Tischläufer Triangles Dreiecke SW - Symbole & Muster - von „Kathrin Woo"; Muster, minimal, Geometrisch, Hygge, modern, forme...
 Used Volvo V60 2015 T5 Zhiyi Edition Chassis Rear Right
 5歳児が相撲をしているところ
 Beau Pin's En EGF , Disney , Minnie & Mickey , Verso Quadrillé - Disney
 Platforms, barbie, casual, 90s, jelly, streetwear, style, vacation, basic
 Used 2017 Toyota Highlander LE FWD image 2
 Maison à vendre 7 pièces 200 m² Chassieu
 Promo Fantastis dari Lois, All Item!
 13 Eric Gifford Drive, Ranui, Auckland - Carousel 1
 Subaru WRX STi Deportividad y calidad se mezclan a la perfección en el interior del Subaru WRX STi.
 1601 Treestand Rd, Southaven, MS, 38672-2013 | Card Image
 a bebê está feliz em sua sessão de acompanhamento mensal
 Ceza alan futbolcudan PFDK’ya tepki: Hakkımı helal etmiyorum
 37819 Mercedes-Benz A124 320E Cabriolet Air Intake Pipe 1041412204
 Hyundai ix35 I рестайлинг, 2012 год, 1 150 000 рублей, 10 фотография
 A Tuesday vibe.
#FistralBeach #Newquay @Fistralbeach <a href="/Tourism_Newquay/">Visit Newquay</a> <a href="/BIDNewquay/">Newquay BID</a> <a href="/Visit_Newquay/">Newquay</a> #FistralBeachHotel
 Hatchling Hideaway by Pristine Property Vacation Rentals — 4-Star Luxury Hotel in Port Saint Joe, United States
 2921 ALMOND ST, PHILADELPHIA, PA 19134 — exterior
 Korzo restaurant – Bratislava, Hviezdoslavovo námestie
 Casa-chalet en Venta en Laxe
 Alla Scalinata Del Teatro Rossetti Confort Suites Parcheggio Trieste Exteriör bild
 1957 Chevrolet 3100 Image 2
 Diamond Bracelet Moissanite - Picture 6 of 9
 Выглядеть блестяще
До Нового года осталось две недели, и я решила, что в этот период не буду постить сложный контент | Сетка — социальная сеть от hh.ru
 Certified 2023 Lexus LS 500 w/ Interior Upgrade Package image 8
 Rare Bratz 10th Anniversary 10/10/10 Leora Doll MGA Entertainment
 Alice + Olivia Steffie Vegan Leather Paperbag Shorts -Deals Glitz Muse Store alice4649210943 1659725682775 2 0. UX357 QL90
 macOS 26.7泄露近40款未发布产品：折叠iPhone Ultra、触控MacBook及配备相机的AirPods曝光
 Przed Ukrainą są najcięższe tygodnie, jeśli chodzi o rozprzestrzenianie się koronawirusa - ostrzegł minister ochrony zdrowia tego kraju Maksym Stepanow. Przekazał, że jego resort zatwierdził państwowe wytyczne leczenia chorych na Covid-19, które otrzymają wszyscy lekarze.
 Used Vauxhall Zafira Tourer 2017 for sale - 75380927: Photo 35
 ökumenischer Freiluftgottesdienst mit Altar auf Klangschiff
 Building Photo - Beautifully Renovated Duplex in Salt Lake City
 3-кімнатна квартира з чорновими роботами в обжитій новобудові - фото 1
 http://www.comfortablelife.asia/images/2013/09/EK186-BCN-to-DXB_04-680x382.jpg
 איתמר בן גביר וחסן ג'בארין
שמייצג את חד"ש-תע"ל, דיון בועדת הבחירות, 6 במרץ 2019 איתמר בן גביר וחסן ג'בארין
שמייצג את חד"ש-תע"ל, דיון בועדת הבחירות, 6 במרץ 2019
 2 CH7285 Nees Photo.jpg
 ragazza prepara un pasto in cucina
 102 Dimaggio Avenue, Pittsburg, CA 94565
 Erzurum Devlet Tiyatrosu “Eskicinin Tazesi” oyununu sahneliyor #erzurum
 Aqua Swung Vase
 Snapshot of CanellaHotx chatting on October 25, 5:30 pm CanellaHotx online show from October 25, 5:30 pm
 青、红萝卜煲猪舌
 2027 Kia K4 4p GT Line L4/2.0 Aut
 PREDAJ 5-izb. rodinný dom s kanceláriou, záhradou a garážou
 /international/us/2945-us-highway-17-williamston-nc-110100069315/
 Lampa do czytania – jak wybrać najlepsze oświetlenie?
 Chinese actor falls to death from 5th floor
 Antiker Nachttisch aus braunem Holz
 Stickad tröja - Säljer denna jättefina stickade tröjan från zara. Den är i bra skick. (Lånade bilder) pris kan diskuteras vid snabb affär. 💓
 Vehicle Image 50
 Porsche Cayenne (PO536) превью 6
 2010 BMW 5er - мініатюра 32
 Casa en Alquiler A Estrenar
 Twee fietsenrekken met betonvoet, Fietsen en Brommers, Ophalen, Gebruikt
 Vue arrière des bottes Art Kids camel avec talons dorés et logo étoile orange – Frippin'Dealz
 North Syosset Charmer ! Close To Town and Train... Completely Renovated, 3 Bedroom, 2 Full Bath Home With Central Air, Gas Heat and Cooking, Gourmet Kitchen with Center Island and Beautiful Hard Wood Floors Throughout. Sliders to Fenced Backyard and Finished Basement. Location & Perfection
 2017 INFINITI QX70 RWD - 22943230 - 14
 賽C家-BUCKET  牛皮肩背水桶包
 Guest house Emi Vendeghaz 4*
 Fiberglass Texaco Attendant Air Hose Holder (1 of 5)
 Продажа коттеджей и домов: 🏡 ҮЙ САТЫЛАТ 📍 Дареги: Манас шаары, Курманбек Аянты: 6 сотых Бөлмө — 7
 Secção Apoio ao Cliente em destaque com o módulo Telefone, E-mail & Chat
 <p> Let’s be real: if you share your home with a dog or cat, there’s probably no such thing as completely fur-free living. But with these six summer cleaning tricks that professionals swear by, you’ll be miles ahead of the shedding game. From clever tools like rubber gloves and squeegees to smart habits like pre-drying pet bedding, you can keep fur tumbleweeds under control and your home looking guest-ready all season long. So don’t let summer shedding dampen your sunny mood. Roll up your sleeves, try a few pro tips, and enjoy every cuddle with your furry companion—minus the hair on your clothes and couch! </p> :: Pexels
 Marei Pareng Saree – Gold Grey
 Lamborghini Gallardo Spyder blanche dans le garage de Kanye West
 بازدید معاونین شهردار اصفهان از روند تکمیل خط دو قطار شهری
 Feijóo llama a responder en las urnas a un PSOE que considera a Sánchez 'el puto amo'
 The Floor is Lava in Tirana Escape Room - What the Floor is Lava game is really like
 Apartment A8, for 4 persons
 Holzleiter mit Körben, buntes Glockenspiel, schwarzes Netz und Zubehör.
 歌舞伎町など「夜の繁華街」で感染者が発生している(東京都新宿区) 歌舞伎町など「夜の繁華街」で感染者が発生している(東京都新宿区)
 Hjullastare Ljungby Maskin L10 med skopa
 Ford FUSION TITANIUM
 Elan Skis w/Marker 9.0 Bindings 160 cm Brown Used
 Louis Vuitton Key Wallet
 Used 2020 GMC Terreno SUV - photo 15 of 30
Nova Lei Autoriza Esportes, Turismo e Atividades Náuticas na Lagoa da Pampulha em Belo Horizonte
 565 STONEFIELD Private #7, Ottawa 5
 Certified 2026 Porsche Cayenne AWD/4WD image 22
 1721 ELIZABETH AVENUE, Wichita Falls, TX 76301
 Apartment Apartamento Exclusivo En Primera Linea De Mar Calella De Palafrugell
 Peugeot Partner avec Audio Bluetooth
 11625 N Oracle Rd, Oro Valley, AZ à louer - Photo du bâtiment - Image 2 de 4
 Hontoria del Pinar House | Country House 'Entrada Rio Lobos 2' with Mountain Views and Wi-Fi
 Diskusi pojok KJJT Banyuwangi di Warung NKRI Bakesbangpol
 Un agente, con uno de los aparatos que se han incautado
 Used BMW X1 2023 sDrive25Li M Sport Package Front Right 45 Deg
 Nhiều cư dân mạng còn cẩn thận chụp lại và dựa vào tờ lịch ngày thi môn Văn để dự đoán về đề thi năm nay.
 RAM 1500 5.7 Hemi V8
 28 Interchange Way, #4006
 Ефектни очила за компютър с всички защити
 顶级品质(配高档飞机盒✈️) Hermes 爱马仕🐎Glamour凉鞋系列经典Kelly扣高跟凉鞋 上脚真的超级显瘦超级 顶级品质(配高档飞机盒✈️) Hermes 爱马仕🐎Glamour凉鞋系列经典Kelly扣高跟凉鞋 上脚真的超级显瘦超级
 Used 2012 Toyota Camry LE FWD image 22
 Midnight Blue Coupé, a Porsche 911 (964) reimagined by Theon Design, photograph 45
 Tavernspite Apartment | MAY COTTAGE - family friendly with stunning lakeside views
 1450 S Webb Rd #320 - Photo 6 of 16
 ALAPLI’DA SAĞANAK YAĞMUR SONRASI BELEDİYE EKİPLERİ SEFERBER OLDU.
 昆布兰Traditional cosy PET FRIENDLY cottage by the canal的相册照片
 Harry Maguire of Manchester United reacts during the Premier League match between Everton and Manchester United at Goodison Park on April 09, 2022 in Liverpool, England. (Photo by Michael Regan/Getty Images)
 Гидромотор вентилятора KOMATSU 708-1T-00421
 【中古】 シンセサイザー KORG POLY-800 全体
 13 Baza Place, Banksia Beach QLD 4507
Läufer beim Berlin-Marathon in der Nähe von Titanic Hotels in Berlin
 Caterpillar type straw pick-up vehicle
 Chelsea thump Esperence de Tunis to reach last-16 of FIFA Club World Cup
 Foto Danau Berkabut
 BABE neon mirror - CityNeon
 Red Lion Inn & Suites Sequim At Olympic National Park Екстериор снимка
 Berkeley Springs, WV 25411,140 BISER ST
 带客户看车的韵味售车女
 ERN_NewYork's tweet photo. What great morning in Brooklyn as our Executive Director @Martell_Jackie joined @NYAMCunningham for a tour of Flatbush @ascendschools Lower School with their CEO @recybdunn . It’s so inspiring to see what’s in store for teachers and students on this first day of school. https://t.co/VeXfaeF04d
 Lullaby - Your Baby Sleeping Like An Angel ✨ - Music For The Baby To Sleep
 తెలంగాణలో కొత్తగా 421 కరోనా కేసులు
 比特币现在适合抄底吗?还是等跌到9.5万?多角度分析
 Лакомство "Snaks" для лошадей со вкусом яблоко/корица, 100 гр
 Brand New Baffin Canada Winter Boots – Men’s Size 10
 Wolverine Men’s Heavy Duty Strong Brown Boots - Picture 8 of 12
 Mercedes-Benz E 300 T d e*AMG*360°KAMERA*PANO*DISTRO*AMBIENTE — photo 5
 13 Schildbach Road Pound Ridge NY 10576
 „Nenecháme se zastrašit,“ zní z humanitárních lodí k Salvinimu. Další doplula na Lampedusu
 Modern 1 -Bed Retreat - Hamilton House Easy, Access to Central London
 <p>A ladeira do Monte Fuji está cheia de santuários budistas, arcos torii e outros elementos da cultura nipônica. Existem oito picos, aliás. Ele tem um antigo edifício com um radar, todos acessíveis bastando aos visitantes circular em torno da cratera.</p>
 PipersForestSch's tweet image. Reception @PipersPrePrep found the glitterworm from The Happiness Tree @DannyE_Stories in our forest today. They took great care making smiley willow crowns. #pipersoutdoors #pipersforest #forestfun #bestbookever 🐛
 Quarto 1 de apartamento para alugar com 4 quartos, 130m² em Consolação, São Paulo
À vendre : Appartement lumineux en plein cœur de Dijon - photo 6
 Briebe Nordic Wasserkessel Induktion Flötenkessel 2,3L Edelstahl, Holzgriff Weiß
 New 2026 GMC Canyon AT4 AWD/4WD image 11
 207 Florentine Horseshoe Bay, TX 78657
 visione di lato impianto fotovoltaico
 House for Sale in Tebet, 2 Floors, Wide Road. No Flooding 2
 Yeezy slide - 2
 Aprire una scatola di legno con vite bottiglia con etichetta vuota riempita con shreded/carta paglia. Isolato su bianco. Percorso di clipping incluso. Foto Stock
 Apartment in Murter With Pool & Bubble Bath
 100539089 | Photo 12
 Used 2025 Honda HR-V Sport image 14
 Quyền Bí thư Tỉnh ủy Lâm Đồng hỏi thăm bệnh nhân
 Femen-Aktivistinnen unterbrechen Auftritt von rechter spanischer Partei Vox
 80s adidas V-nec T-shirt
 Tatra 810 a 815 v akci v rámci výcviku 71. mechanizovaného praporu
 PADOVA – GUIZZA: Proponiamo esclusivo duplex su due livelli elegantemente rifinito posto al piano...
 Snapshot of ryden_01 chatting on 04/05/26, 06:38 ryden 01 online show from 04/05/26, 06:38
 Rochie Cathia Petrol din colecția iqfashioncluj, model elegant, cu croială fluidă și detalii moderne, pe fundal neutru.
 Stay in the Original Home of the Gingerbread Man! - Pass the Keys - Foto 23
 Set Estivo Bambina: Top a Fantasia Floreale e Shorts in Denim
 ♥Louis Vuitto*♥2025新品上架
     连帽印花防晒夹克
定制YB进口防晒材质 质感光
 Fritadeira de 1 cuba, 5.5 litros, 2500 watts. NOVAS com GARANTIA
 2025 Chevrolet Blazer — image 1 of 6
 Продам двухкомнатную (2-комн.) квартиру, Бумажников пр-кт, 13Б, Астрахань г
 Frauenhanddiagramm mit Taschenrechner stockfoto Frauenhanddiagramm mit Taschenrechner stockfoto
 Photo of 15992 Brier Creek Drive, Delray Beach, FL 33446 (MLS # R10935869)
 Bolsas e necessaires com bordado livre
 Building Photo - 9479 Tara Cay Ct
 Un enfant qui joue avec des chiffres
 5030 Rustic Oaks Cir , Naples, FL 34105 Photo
•••••
§ DESCRIPTION OF THE TASK: A single number is the whole answer: how many lines in the listing contain "בארין"?

§ WRITTEN ANSWER: 2